The private utility said it looked at another existing high-voltage power line corridor that runs just east of I-405, but it’s owned by Seattle City Light. It’s part of that public utility’s transmission system and “not available for our use,” according to the .
“The problem PSE is trying to solve would occur once every decade,” declared Todd Anderson, an expert in electrical engineering, who works with two groups opposed to the power line project. He claims the utility is motivated by revenues, not local demand.
“PSE’s big need for doing this project is to be able to have a revenue stream that is going to replace what they’re going to be losing over the next couple of decades,” he said.
Anderson believes utilities are in a death spiral. He argues that new technologies, such as in-home micro co-generation units and wind and solar power will soon reduce demand and cut into utility revenues.
“This project is not needed at all to satisfy local needs,” he said. “It’s all about shipping power to Canada and from Canada, down to California.”
The utility’s Aliabadi rejects that, stating that just 3 to 8 percent of the power that will move through a new system would be sold outside the region, what they call “wheeling power.”
She insists this project is about the growth you can see on the Eastside.
“Not just in taller buildings and bigger homes – but think of the things you plug in that you didn’t use in the 60’s, 70’s, 80’s or 90’s.

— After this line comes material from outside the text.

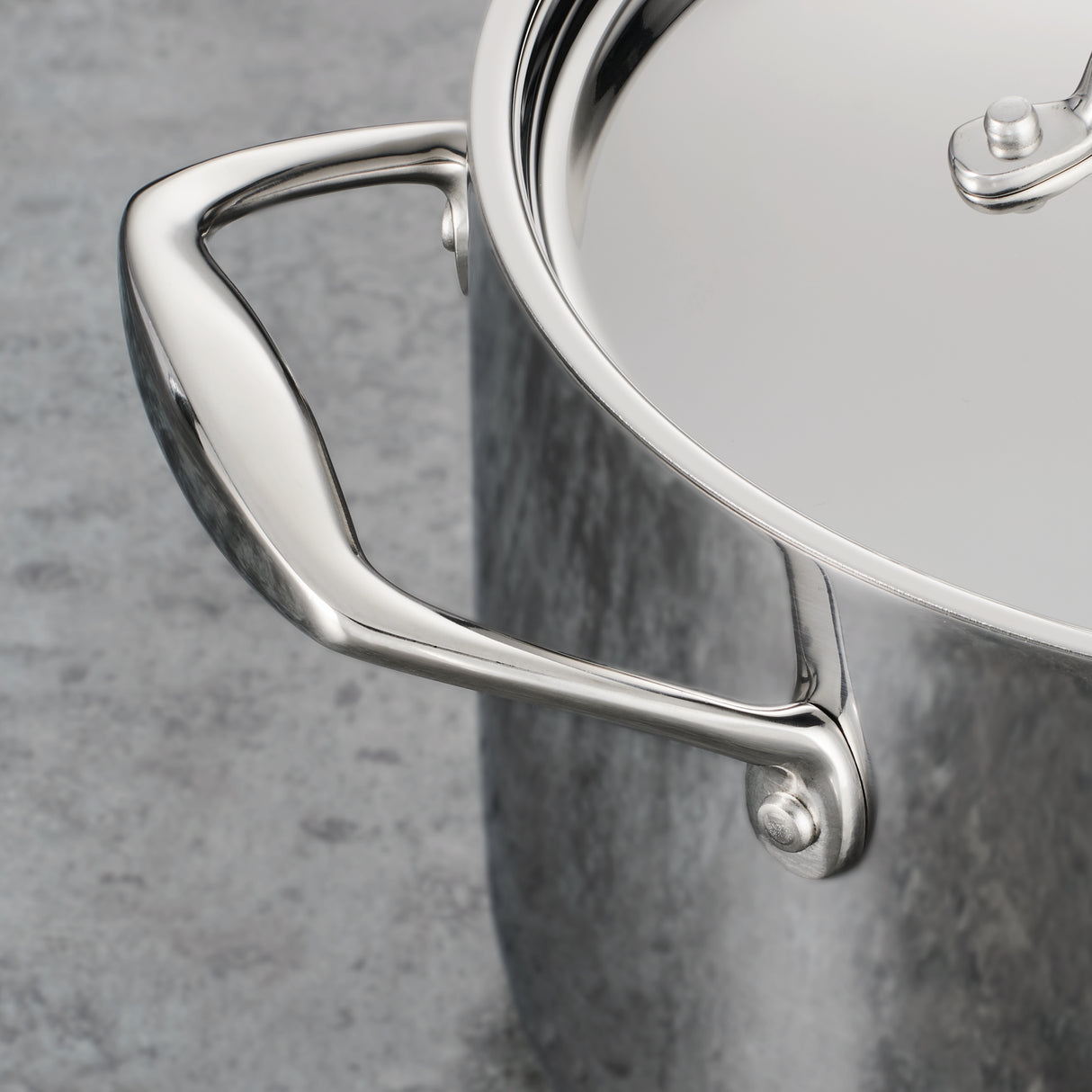 Tri-Ply Clad Stainless Steel Covered Braiser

So we plug a lot of things in, we are an electric society. Our demand has grown and we really need to keep up with it and we need to keep up with future growth,” she says.
PSE says the city of Bellevue has validated the increased demand for power, as have independent firms, with all reports posted on the .
Aliabadi says the experts have studied 700,000 different power flow analyses.
“Through these studies, they’ve found there is a problem, that the lines and the substations or the transformers that serve 350,000 customers from Renton to Redmond is overloading. It’s redlining and if we don’t add capacity, then we are going to have many more chances to have outages,” declares Aliabadi.
But Anderson accuses the utility of manipulating the studies, claiming the utility has “massive amounts of overcapacity.” He contends that adding grid batteries to the PSE system could solve any future capacity and demand issues, which he claims would be few.
Aliabadi says PSE has studied battery storage, calling it a young technology, “just not there yet” and “too risky” for what the utility needs.
Some critics demand a moratorium on the project, which could cost up to nearly $300 million. But PSE says demand will overtake capacity by 2017.
“Delay is not an option,” said Aliabadi. “I think what we need to do is sit down as a community and solve this problem because it truly is a community issue. Think about what everybody does for a living and none of it starts without power.”
The utility hopes to select a route for the 18-mile transmission line by the end of this year, complete an environmental review and get permits in 2015, and finish construction by 2017.